WHAT THIS TASK INVOLVES: Your answer must consist of exactly the lines below, starting with the line with "h&b design jewel" and going on through the line with "Marwell Duschwand &raquo;BRICKS&laquo;, schwarz, 5", and nothing else.

Records contained in a dataset:
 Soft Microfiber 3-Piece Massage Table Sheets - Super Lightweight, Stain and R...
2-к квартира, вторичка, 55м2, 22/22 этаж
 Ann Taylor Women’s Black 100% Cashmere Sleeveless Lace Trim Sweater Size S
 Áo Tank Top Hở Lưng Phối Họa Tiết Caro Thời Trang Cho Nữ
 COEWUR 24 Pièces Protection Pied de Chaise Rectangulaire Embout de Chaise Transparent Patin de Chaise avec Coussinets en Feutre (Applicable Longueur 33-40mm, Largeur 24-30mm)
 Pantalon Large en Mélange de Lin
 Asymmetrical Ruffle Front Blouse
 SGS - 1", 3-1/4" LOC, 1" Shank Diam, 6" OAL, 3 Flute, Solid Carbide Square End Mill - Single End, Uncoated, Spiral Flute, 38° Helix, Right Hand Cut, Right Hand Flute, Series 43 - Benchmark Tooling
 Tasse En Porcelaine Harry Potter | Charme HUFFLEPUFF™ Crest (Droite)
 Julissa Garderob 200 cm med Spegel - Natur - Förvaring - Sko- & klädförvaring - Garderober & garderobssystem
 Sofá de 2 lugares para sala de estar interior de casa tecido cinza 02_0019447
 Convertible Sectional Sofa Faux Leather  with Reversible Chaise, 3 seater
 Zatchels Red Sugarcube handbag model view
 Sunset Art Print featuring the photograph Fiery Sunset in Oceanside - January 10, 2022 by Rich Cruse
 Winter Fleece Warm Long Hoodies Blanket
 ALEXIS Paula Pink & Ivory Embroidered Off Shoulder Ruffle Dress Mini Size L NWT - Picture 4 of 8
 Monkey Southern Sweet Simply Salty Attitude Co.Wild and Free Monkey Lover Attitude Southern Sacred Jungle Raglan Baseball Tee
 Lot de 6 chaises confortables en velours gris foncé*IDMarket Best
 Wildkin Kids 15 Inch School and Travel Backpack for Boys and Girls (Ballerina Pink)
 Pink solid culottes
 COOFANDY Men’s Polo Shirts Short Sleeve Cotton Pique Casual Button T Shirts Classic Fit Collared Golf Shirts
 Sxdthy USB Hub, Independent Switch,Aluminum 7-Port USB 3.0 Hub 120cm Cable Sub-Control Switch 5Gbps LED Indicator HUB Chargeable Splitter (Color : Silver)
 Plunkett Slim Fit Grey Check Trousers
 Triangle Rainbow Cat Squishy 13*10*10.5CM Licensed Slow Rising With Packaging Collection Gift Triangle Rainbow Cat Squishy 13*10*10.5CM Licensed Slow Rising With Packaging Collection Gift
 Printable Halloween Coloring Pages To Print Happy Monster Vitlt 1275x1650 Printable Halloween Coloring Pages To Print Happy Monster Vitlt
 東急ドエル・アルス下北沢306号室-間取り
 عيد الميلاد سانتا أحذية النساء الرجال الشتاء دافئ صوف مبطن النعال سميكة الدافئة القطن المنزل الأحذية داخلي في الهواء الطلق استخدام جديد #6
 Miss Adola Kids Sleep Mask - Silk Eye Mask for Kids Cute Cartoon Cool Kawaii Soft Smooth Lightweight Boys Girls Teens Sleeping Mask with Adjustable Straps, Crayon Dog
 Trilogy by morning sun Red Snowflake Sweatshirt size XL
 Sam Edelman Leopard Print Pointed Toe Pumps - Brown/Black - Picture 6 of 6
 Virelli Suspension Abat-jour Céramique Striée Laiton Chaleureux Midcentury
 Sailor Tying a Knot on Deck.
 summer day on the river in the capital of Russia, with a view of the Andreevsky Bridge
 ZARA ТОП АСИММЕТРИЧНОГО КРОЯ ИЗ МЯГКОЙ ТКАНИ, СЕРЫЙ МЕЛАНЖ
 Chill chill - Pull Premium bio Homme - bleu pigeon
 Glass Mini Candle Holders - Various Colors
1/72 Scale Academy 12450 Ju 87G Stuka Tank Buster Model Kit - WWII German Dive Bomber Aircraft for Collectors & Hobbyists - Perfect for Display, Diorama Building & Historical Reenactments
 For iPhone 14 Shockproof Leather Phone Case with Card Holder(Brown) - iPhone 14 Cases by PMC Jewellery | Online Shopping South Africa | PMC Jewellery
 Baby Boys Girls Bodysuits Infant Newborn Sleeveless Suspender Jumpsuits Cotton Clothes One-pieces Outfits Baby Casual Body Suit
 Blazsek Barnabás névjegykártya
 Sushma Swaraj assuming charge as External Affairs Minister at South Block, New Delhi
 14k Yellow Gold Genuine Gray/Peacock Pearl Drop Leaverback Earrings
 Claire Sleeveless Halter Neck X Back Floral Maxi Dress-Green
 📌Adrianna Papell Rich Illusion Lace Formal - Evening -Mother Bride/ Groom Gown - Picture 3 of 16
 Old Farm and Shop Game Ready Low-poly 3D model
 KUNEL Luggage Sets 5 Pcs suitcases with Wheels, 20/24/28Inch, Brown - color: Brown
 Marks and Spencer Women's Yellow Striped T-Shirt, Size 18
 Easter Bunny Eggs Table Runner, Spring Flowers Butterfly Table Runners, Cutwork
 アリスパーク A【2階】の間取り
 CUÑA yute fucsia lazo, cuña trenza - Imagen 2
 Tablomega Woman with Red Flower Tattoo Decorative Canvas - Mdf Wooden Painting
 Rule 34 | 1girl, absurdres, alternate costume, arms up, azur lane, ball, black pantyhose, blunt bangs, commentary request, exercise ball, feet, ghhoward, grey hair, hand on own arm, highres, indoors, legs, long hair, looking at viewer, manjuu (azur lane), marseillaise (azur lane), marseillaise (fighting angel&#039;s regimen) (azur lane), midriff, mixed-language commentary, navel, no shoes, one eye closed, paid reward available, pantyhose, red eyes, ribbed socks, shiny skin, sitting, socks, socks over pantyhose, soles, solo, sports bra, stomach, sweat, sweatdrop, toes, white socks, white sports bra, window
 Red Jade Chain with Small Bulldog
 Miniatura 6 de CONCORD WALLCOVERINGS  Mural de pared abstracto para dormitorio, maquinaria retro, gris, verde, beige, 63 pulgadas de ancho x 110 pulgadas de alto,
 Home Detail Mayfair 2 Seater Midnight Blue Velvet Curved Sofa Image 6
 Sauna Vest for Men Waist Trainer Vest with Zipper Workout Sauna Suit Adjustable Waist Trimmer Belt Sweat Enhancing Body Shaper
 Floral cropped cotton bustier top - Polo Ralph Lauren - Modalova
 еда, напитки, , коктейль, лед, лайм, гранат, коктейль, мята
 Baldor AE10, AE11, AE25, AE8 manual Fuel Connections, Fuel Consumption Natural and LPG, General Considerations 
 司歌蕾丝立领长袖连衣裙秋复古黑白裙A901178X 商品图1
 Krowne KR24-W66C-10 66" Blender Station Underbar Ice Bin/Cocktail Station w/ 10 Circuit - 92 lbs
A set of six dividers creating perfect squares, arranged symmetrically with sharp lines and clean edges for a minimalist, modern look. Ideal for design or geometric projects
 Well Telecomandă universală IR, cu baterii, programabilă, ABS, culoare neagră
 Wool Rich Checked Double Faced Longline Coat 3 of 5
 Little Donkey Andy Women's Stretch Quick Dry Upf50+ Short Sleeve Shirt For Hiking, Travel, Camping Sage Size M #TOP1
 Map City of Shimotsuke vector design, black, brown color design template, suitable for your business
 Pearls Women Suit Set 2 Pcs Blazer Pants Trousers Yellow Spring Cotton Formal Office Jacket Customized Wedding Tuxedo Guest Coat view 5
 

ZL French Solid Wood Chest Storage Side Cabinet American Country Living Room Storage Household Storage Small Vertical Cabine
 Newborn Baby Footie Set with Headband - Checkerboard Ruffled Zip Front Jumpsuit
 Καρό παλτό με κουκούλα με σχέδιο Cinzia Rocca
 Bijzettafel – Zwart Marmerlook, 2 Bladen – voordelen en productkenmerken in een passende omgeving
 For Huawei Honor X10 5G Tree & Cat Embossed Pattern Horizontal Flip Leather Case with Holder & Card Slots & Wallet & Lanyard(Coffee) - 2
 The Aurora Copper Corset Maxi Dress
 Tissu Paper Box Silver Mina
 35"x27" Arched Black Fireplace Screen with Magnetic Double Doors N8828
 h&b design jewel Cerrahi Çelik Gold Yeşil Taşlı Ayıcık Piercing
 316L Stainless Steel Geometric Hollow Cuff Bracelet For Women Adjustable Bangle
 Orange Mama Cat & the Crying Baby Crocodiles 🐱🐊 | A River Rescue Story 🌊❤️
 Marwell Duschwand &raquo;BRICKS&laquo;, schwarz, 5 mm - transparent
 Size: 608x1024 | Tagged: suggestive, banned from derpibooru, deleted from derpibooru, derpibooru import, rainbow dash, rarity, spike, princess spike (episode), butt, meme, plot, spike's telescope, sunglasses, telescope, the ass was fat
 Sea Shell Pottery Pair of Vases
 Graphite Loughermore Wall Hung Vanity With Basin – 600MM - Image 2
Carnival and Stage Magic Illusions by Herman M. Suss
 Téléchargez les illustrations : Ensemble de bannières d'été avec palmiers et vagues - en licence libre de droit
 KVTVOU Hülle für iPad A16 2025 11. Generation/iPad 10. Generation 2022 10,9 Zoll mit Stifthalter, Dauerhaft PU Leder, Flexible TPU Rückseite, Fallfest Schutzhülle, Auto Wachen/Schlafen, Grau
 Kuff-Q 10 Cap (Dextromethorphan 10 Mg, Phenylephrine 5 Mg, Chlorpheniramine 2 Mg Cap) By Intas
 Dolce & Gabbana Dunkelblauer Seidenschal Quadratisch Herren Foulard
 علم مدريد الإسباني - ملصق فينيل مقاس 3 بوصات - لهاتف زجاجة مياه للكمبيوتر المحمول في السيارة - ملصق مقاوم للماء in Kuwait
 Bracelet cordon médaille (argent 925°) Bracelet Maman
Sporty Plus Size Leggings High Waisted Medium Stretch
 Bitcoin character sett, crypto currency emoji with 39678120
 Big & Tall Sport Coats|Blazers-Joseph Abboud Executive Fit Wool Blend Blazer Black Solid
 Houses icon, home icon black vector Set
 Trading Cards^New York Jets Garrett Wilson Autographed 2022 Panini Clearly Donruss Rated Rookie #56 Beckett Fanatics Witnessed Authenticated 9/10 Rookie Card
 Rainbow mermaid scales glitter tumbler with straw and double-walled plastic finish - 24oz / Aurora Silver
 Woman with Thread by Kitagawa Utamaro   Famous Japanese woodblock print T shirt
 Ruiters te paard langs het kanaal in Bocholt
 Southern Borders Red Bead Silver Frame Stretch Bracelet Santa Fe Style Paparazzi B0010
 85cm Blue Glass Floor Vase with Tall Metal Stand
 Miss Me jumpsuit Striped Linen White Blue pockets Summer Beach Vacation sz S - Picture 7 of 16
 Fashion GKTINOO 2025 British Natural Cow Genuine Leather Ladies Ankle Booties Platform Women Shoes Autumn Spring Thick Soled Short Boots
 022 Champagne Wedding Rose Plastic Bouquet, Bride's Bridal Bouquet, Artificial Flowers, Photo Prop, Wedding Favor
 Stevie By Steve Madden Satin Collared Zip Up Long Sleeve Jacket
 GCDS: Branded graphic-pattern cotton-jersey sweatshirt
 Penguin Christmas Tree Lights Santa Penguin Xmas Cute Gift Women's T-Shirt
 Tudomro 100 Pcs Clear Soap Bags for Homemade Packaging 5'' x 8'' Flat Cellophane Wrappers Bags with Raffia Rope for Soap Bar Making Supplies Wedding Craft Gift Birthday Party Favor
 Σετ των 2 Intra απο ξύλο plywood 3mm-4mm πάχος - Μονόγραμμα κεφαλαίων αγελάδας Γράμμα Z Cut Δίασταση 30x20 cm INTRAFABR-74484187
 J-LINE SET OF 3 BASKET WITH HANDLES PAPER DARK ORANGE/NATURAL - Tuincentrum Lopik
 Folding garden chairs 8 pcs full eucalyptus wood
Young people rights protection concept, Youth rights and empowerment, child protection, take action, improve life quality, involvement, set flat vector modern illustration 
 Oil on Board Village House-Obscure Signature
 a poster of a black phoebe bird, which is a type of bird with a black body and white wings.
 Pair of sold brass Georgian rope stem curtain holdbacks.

RESPONSE BELOW:
 h&b design jewel Cerrahi Çelik Gold Yeşil Taşlı Ayıcık Piercing
 316L Stainless Steel Geometric Hollow Cuff Bracelet For Women Adjustable Bangle
 Orange Mama Cat & the Crying Baby Crocodiles 🐱🐊 | A River Rescue Story 🌊❤️
 Marwell Duschwand &raquo;BRICKS&laquo;, schwarz, 5 mm - transparent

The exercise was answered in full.